2. Appréciation de la Cour
24. La Cour rappelle avoir déjà examiné ce type d’exception dans d’autres affaires concernant des expropriations indirectes. Dans ces affaires, elle avait conclu que le simple fait que le requérant ait reçu une indemnisation correspondant à la valeur vénale du terrain exproprié ne suffit pas en soi à lui retirer la qualité de « victime », bien que cela puisse jouer un rôle sur le terrain de l’article 41 (De Angelis et autres c. Italie, n 68852/01, § 57, 21 décembre 2006 ; Carbonara et Ventura c. Italie, n 24638/94, § 62, CEDH 2000‑VI ; De Sciscio c. Italie, n 176/04, § 53, 20 avril 2006). Elle rappelle à cet égard qu’une décision ou une mesure favorable au requérant ne suffit en principe à retirer la qualité de «victime » que si les autorités nationales ont reconnu, explicitement ou en substance, puis réparé la violation de la Convention (Guerrera et Fusco c. Italie, no 40601/98, § 53, 3 avril 2003 ; Amuur c. France du 25 juin 1996, Recueil 1996-III, p. 846, § 36).

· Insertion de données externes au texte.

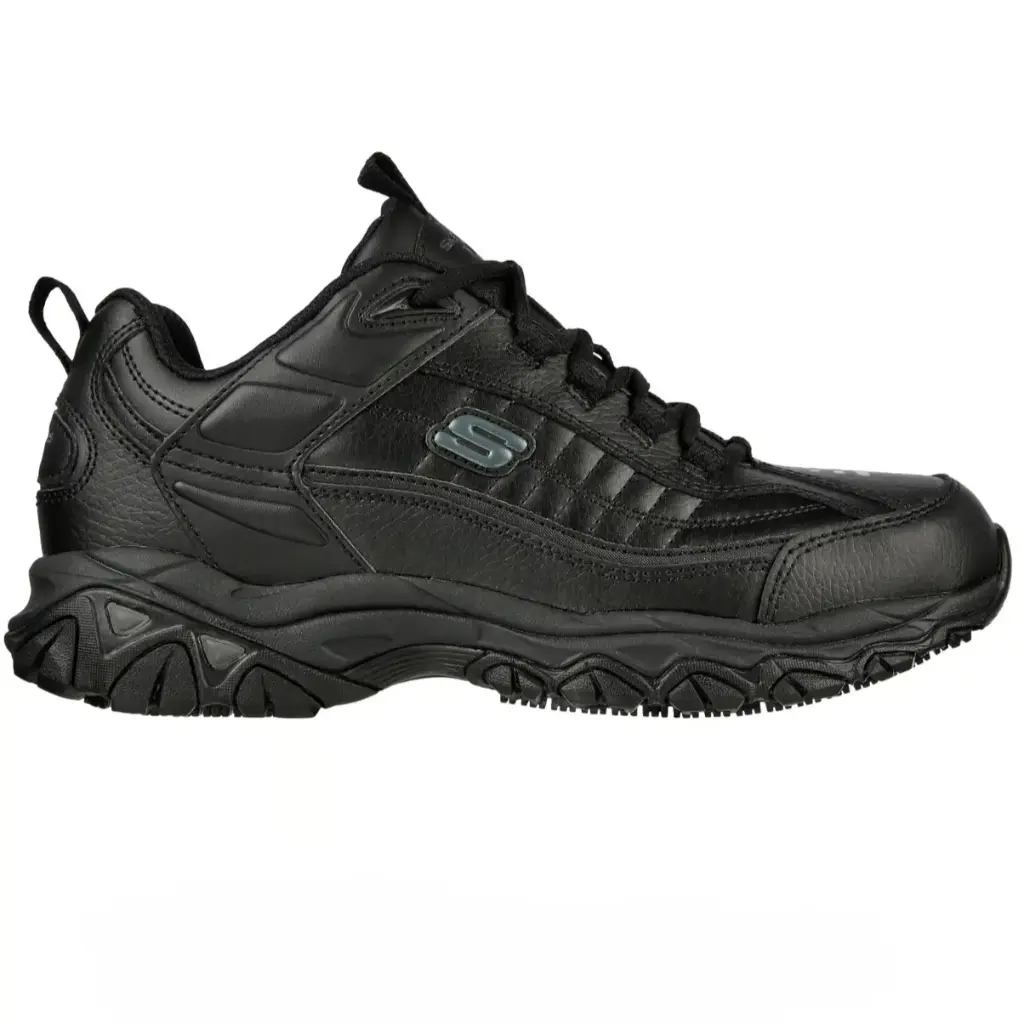 Skechers 200080/blk Men's Work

25. La Cour estime devoir examiner la qualité de victime du requérant à la lumière du changement de législation intervenu à la suite des arrêts de la Cour constitutionnelle nos 348 et 349 du 22 octobre 2007. Elle rappelle qu’il appartient en premier lieu aux autorités nationales de redresser une violation alléguée de la Convention. À cet égard, la question de savoir si un requérant peut se prétendre victime du manquement allégué se pose à tous les stades de la procédure au regard de la Convention et implique essentiellement pour la Cour de se livrer à un examen ex post facto de la situation de la personne concernée (Cocchiarella c. Italie [GC], no 64886/01, §§ 70-72, CEDH 2006‑V).

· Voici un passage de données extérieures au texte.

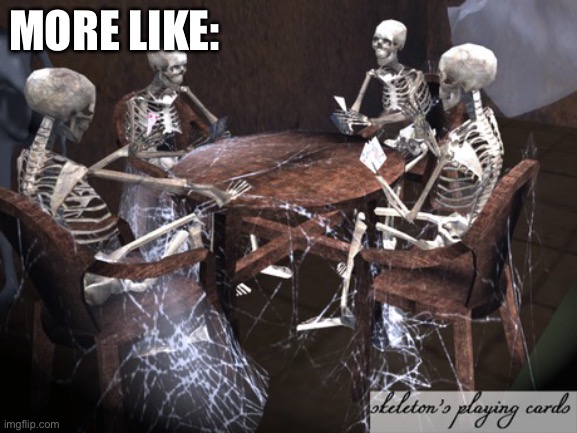 Dead Squad | MORE LIKE: | image tagged in dead squad | made w/ Imgflip meme maker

26. La Cour réaffirme qu’il lui appartient tout d’abord de vérifier s’il y a eu reconnaissance par les autorités, au moins en substance, d’une violation d’un droit protégé par la Convention (Cocchiarella c. Italie précité, § 84).
27. Elle relève que par ses arrêts nos 348 et 349, la Cour constitutionnelle italienne a déclaré l’inconstitutionnalité de l’article 5 bis du décret-loi no 333 du 11 juillet 1992, tel que modifié par la loi no 662 de 1996, puisque contraire à l’article 1 du Protocole no 1 de la Convention tel qu’interprété par la jurisprudence de la Cour. Par la suite, la loi de finances no 244 de 2007 a établi que les propriétaires expropriés doivent obtenir un dédommagement correspondant à la valeur entière du bien, aucune réduction n’étant plus admise.

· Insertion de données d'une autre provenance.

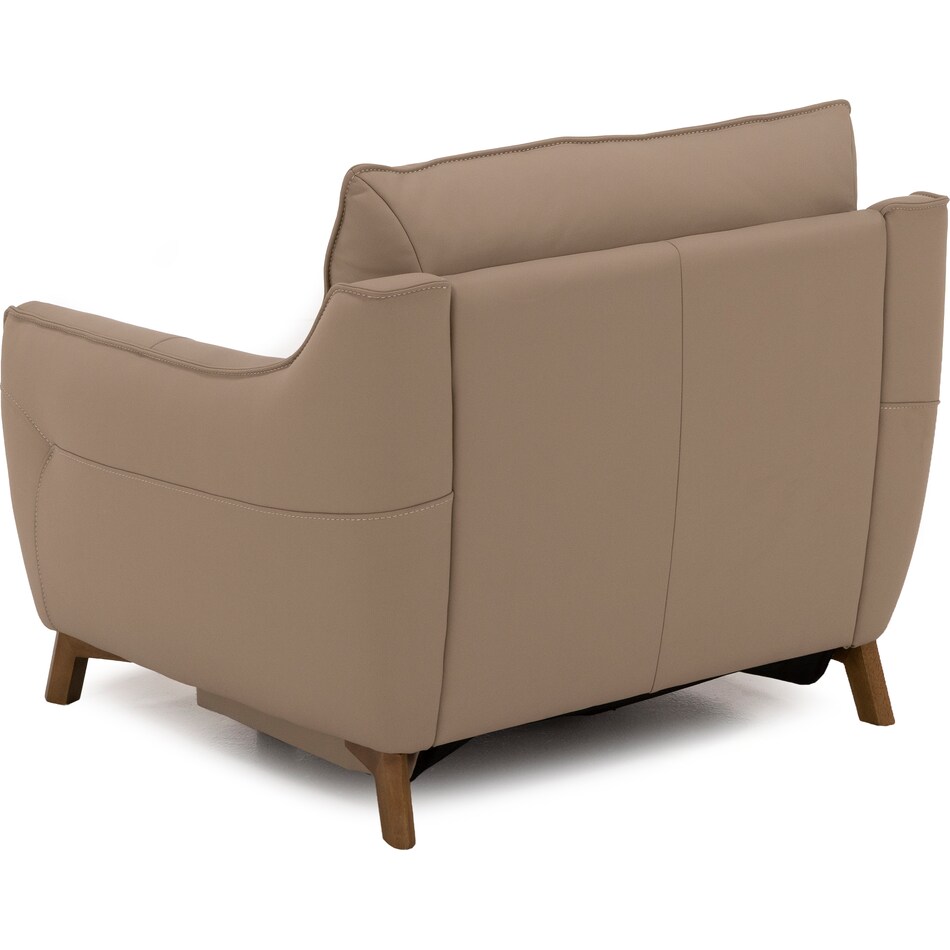 viol beige recliner z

28. En faisant application de ces principes, la cour d’appel de Naples a estimé en substance que l’expropriation indirecte du terrain du requérant était contraire à l’article 1 du Protocole no 1 de la Convention, tel qu’interprété par la jurisprudence de la Cour, et entraînait une violation du droit de propriété du requérant et une obligation pour l’administration de réparer la violation. La cour d’appel condamna dès lors l’administration à verser au requérant une indemnisation correspondant à la valeur vénale du terrain, plus réévaluation et intérêts à partir de la date de la perte de la propriété.
29. La Cour estime que les juridictions internes ont constaté en substance la violation du droit de propriété du requérant. En outre, elle considère que le redressement reconnu par la cour d’appel de Naples, conforme aux critères de calcul établis par la Cour dans l’arrêt Guiso Gallisay (précité, § 105), constitue un redressement approprié et suffisant.
30. A la lumière de ces considérations, le requérant ne peut se prétendre victime de la violation alléguée au sens de l’article 34 de la Convention (voir Armando Iannelli c. Italie, no 24818/03, 12 février 2013 ; Holzinger c. Autriche (no 1), no 23459/94, § 21, CEDH 2001‑I).
31. Par conséquent, ce grief est incompatible ratione personae avec les dispositions de la Convention au sens de l’article 35 § 3 et doit être rejetée en vertu de l’article 35 § 4.
Par ces motifs, la Cour, à l’unanimité,
Déclare la requête irrecevable.
Fait en français puis communiqué par écrit le 11 juin 2015.